**TASK DESCRIPTION**
Repeat exactly the stretch of lines that starts with the one containing "Picture 8 of 10" and ends with the last line of the material. Leave out pictures.

**DATA SEGMENT**
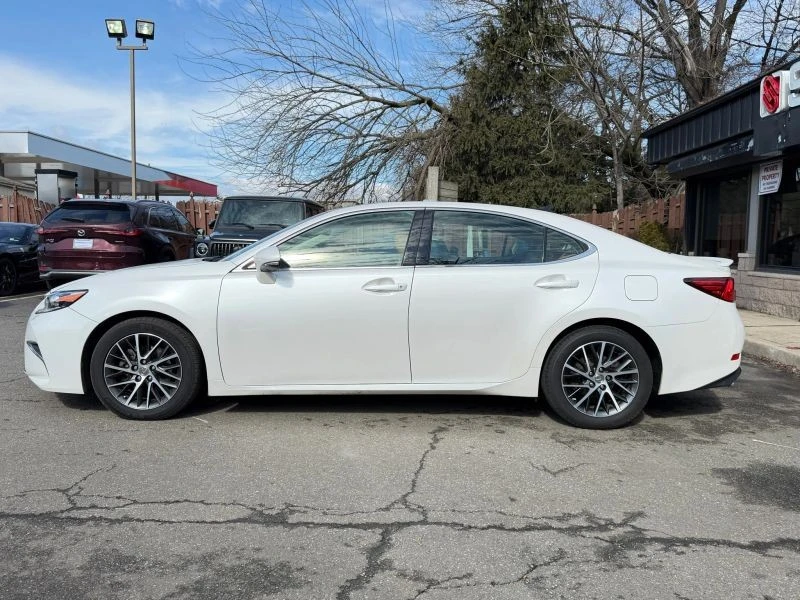 2018 Lexus ES 6th Gen - Image 7 of 12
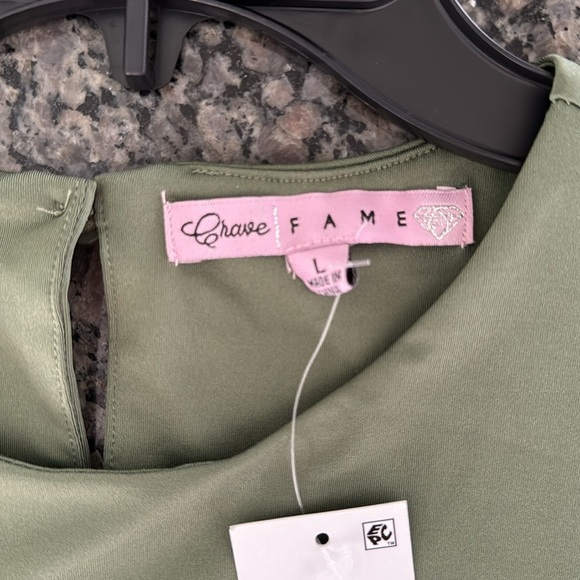 Crave  Fame Women's green Mock Turtleneck Sleeveless Bodysuit Size L - Picture 8 of 10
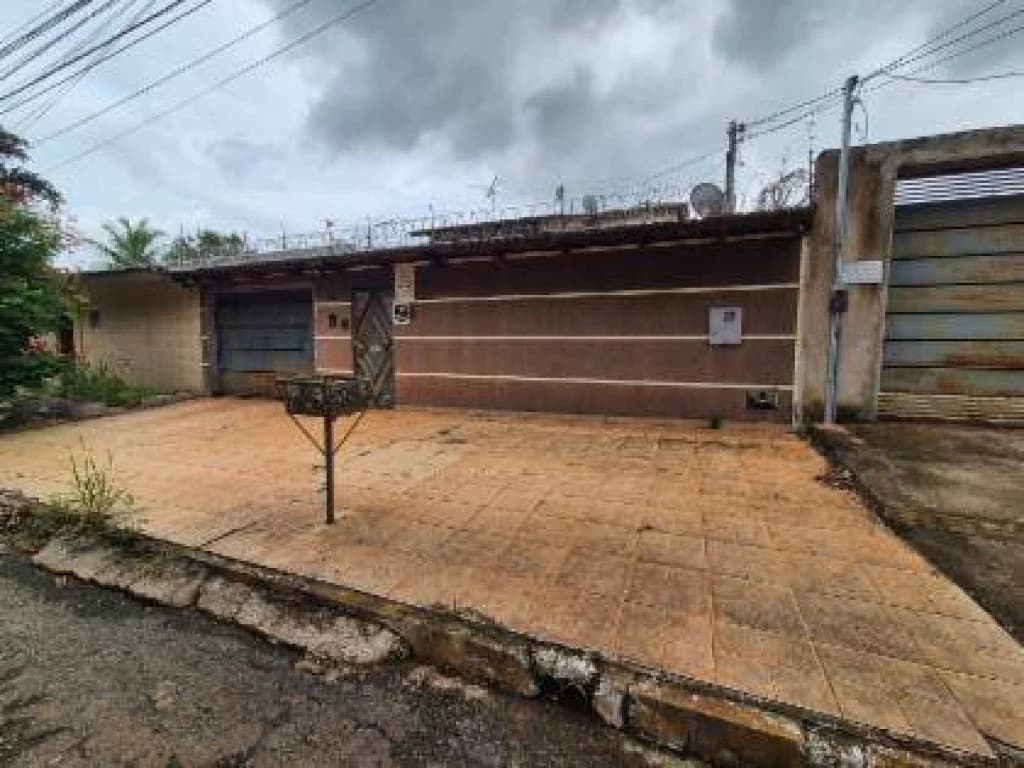 Foto 3 de 4: Casa em leilão em Goiânia - GO, bairro Setor Jaó — Casa 223 m² - Setor Jaó - Goiânia - Go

**RESULT OF THE TASK**
 Crave  Fame Women's green Mock Turtleneck Sleeveless Bodysuit Size L - Picture 8 of 10
 Foto 3 de 4: Casa em leilão em Goiânia - GO, bairro Setor Jaó — Casa 223 m² - Setor Jaó - Goiânia - Go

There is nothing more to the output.